Because digital forensics is a rapidly evolving and relatively new discipline most institutions have elected to deliver their computer forensics degree programs through their online education platform. When choosing an online digital forensics degree there are several choices, but US News has also evaluated these education facilities, too. Their list of the top 5 online institutions for a computer forensic degree is listed below:
- University of Alabama at Birmingham
- This school hosts the Center for Information Assurance and Joint Forensics Research. They are a hub of collaboration between different forensic specialists and offer an online degree program targeted at the digital forensics discipline.

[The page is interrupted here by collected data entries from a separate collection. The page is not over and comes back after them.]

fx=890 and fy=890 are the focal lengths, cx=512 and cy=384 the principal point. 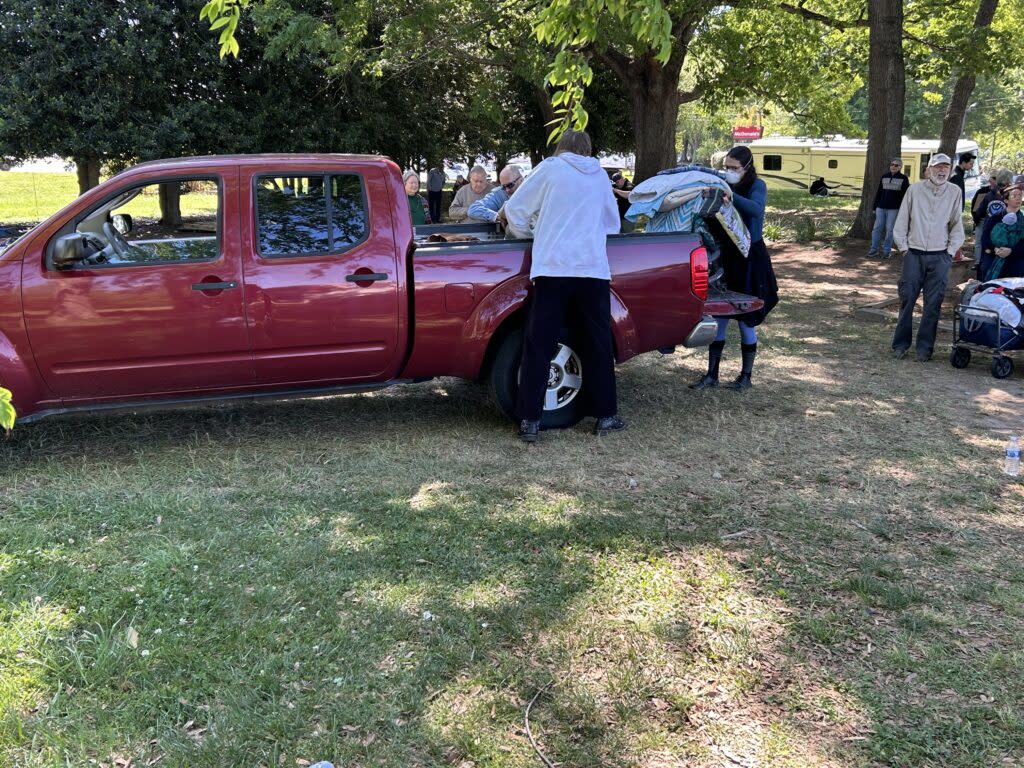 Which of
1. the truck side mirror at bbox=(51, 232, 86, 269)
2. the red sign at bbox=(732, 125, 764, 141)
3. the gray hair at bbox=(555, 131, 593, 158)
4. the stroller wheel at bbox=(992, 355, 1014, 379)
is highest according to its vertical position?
the red sign at bbox=(732, 125, 764, 141)

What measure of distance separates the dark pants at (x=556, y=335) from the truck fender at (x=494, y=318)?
0.17 metres

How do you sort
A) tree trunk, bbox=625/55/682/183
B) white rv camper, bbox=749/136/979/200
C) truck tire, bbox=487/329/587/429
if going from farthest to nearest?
white rv camper, bbox=749/136/979/200 → tree trunk, bbox=625/55/682/183 → truck tire, bbox=487/329/587/429

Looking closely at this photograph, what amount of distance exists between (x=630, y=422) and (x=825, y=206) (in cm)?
2713

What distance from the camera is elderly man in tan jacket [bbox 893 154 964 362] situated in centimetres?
801

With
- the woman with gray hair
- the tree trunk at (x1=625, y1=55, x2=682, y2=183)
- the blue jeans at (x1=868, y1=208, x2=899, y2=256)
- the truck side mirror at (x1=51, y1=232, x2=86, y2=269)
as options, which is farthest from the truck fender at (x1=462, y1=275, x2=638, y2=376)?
the tree trunk at (x1=625, y1=55, x2=682, y2=183)

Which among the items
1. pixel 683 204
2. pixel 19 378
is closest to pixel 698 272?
pixel 683 204

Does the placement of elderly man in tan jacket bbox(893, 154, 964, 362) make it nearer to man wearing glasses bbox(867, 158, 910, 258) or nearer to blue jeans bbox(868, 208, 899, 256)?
man wearing glasses bbox(867, 158, 910, 258)

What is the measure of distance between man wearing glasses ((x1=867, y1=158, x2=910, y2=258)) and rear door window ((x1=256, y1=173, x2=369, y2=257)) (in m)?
12.3

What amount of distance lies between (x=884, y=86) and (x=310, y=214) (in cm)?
1451

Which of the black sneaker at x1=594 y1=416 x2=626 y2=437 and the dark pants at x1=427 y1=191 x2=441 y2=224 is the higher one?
the dark pants at x1=427 y1=191 x2=441 y2=224

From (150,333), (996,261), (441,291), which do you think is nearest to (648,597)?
(441,291)

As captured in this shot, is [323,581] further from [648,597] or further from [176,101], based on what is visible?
[176,101]

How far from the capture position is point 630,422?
6461 millimetres

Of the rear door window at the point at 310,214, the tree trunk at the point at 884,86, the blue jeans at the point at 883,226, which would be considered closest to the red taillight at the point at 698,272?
the rear door window at the point at 310,214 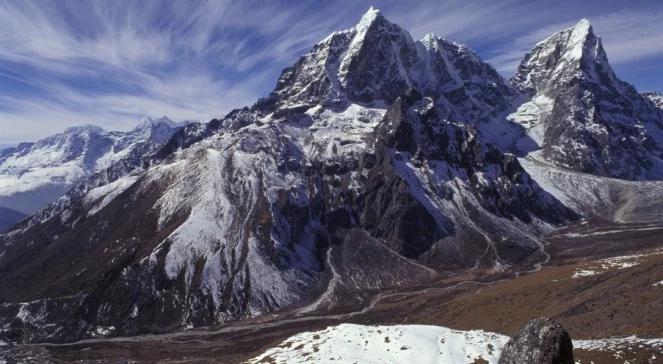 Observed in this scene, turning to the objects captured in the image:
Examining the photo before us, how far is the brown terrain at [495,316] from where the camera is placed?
200ft

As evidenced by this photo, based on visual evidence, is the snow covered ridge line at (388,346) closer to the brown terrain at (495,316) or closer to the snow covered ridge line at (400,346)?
the snow covered ridge line at (400,346)

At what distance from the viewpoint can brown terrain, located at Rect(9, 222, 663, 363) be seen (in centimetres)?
6106

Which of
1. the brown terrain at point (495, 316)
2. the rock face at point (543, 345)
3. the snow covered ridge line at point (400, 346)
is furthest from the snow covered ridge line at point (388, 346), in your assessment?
the rock face at point (543, 345)

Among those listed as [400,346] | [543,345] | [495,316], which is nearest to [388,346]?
[400,346]

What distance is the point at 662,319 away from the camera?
55562 mm

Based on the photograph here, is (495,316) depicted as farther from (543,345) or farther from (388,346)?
(543,345)

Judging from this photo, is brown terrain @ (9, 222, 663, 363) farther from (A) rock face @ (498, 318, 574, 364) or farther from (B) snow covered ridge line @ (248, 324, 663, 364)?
(A) rock face @ (498, 318, 574, 364)

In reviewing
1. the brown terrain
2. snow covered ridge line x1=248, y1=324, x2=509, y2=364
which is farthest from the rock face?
the brown terrain

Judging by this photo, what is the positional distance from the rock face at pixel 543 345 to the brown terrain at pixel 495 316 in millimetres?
18620

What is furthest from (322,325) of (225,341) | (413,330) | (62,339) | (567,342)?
(567,342)

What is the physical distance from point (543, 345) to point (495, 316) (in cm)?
6384

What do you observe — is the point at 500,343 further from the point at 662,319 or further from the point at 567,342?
the point at 567,342

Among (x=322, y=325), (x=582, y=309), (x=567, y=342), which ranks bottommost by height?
(x=322, y=325)

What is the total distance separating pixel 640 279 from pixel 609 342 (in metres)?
34.1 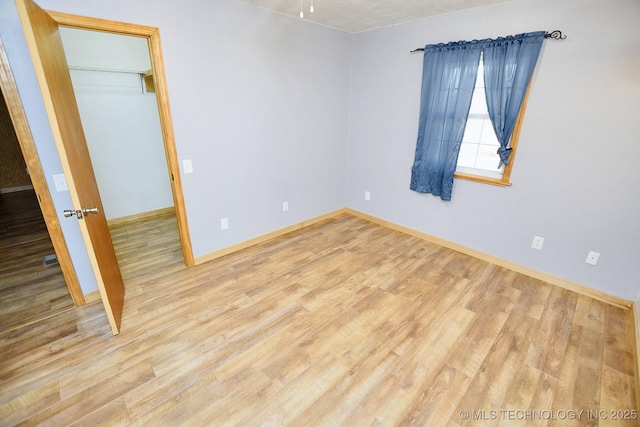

- University of Rhode Island
- The NSA (National Security Agency) and the DHS (Department of Homeland Security) both have recognized URI as a National Center of Academic Excellence in the Information Assurance Education specialty. They have a fantastic computer forensics degree program.
- University of Maryland – University College
- UM offer’s a master’s digital forensics degree program. This is a rare offering, and elevates your scholastic resume by granting you the prestigious Master’s qualification. This advanced degree in forensic science is designed for professionals that are already working in a computer forensics or security career that are looking to advance their career by obtaining higher education.
- Boston University
- They have both offline and online computer forensics degree programs. Both are Masters degree programs that target Computer Information Systems and graduate certificates for Digital Forensic programs.
- Champlain College
- The school the US News ranked as one of the best on-campus schools for a computer forensics degree also received top ratings for their online program. SC Magazine named the online bachelor’s digital forensics degree program the Best Cyber Security Higher Eduction Program in 2013. This great rating also applied to their digital investigations program.
As you can see there are lots of options to get a degree in forensic science and could possibly be the right route for you if you plan to work in law enforcement, work with the FBI, or want a senior level corporate position. Regardless of your long term plans, a digital forensics certification can be obtained by anyone and will certainly help your chances in landing your perfect job. Computer forensics training will help you not only better understand the technical side of forensics, but will also improve the skills necessary to perform scientific analysis that will be admissible in court.